I'm a pretty big do-it-yourself guy, for good reason, I don't have all the cash to pay someone else to do it, but this will be my first time ever cutting the deck out of a boat. I read and watched several stinger rebuilds but I haven't found anything on Maverick Master Anglers like mine. Can any of you'll give me any advice on the following subjects?

1. Having the stingers/beams like this, is the structural integrity of the hull compromised, or just the deck?

2. How would you make the incision cut in the deck? Or would you remove the whole top cap since it's a liner boat?

3. What type of material would you use for new beams?

4. Types of glass/resin to buy?

5. Material to beef up the floor? 

6. Any other things that you think I'm missing out of the equation. 

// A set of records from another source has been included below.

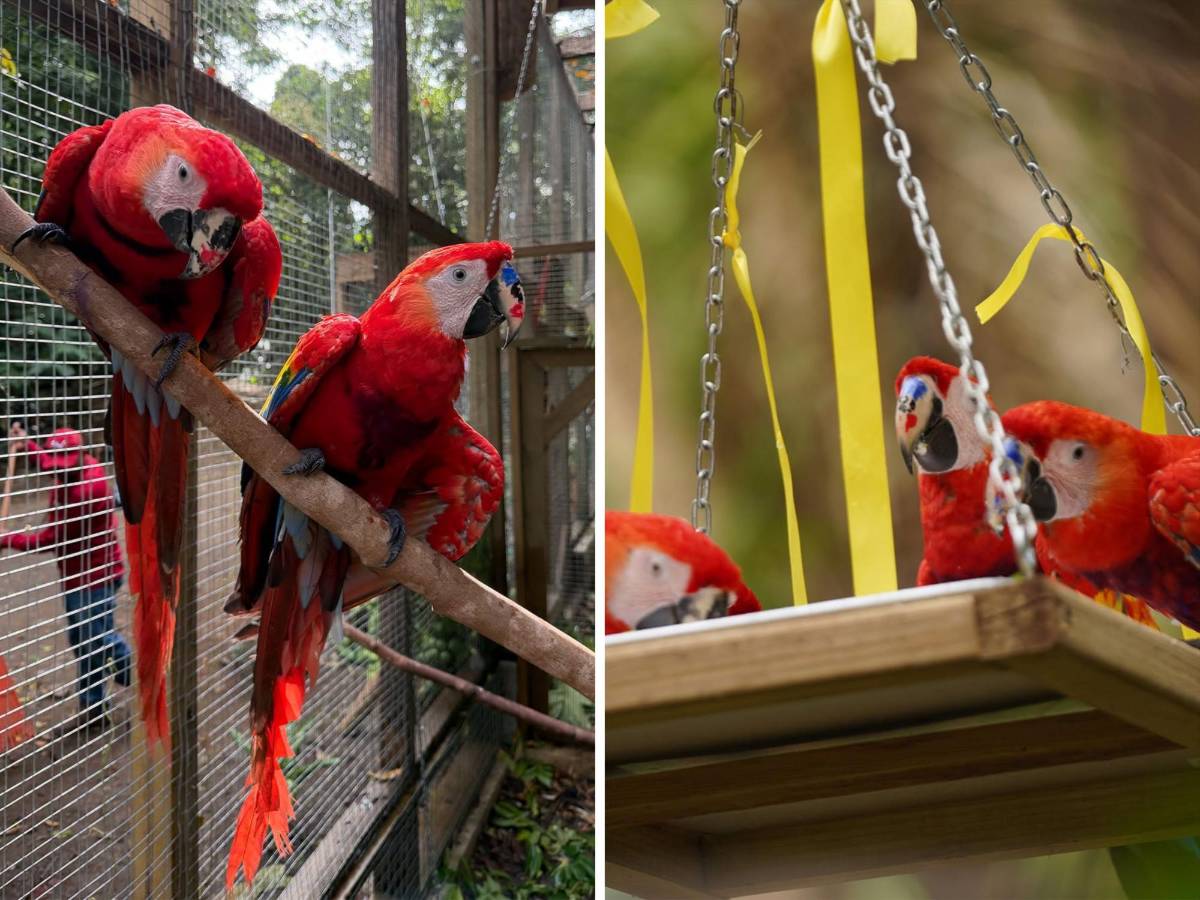 Del huevo al vuelo: el viaje de la guacamaya roja hacia la libertad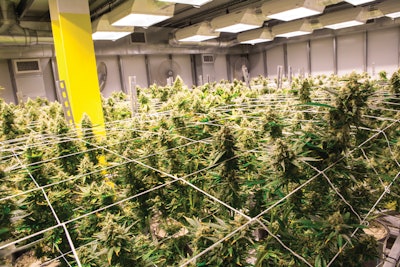 Adobe Stock 140165797 Fmt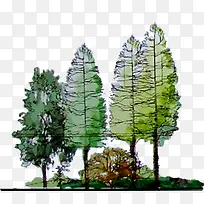 手绘清新道路大树-空若网 手绘清新道路大树-空若网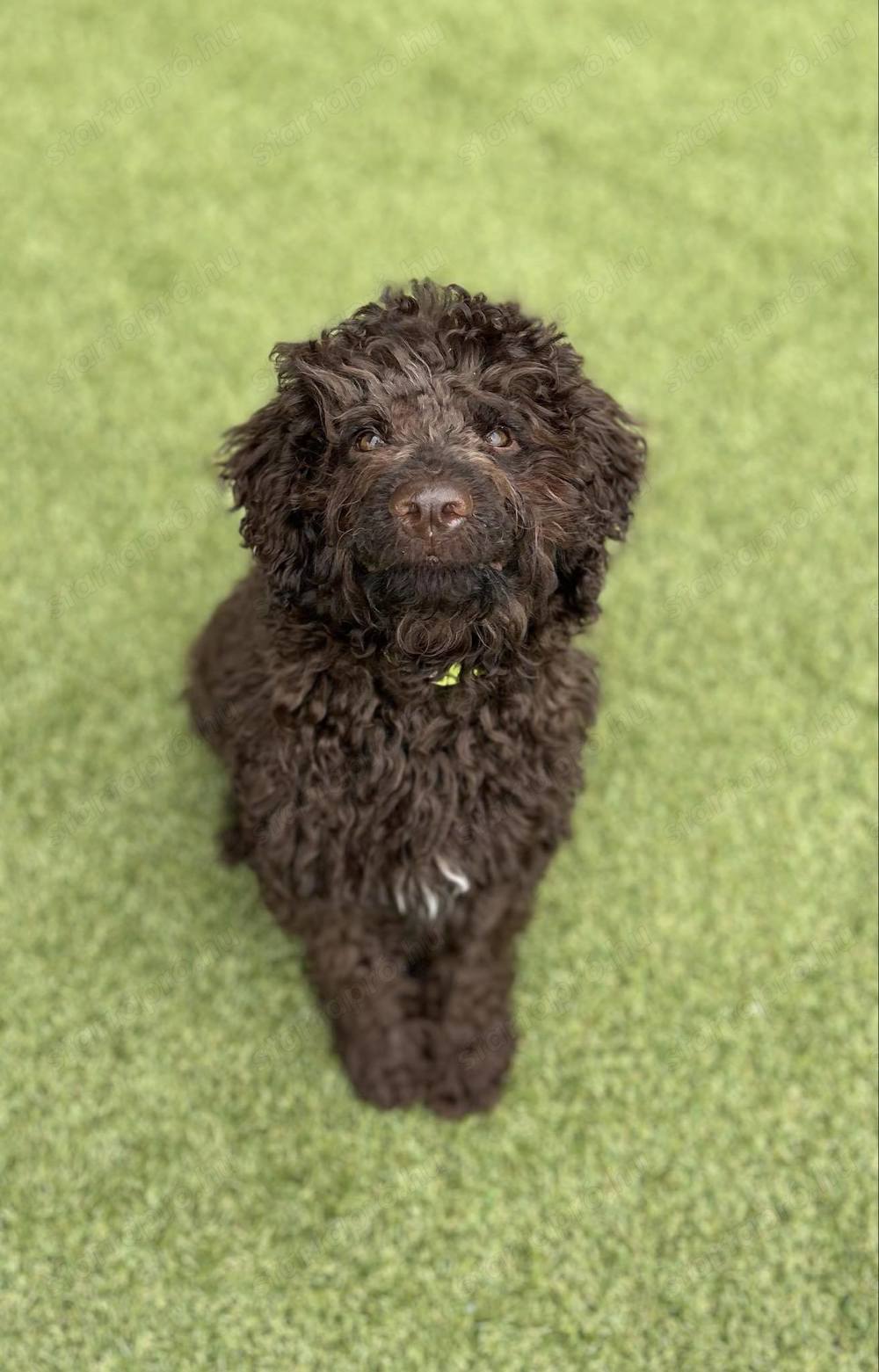 Lagotto Romagonolo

Much appreciated to anyone that reads and shares his/her knowledge with me. 

Thanks,
Jim 850-450-4298


----------



## H2OMARK

My advice would be to contact XShark (Bobby) on here. He's very well adept with doing these things. The work I've seen from him is impeccable.


----------



## BuckWild

Couldnt see your pics in the albums. They werent there when I looked. I feel your pain though. I just rebuilt a World Cat 266 that had a bunch of work that I did not see when I bought it. It was a hard pill to swallow and took 3.5 months to do the work, but it is finished now. It is possible for a guy with no glass experience to do the work himself, and achieve great results. It just takes figuring out what you need and then starting on it. If I could see your pics, I might have more to say.


----------



## tailfisher

Hey Jimmy, isnt that a liner boat.If so I would take the whole top cap off and get all damaged material out and replace the stringer with foam and glass over them. Underside of deck I would remove wood or whatever is used and put nida core down to stiffen floor. There are several different ways to do it but I would not cut the floor out if it is a drop in cap like my pathfinder. PM me if you want to talk about it.


----------



## jimmyjams4110

*Port side looking forward from under the bench seat.*









*Port side looking forward from under the bench seat.*









*Starboard side looking forward from under the bench seat.*


----------



## X-Shark

In doing this 25 Mako, it had what your talking about....A floating floor. The stringers are being replaced. But they are raised so the deck will sit on them.

The core in these is 2in PVC foam core.

The lay up is 6in. 1708 45/45 to tab the foam to the hull.
Then each side get's 4 alternating layers of 1708 45/45, 1808 0/90,1708 45/45, 1808 0/90. Then the pies was top capped with 4 layers of 6in 1708 45/45. This was so as to not have a void at the corners.

While Nidacore is a great product for a deck, it does not like to be in compression. Special attention needs to be done so that the core does not compress where the fasteners are.

Removing the cap on some boats is impossible. The foam that is injected glues them all together.

Cutting the floor a 2in to 3in piece is left around the permiter.

The boat in the pix below is how the owner cut it. But he wanted this boat a certain way.

A saw in the hands of someone that has not thought the "Whole " process thru.

..IE How are you going to put it back together? 
Is VERY dangerous and costly. It's easy to cut something apart. It's a lot harder to put it back together.


----------



## jimmyjams4110

Great advice! After talking with Maverick, they said trying to remove the cap would basically destroy the boat. They gave me the same advice as you did X-Shark, cut the deck out leaving 3 or so inches left around the perimeter so one could grind, putty, glass, and smooth out before gelcoating the deck. This will be a process no doubt, but some of the big question marks are disappearing and this job is seeming more and more feasible for a do-it-yourselfer like me.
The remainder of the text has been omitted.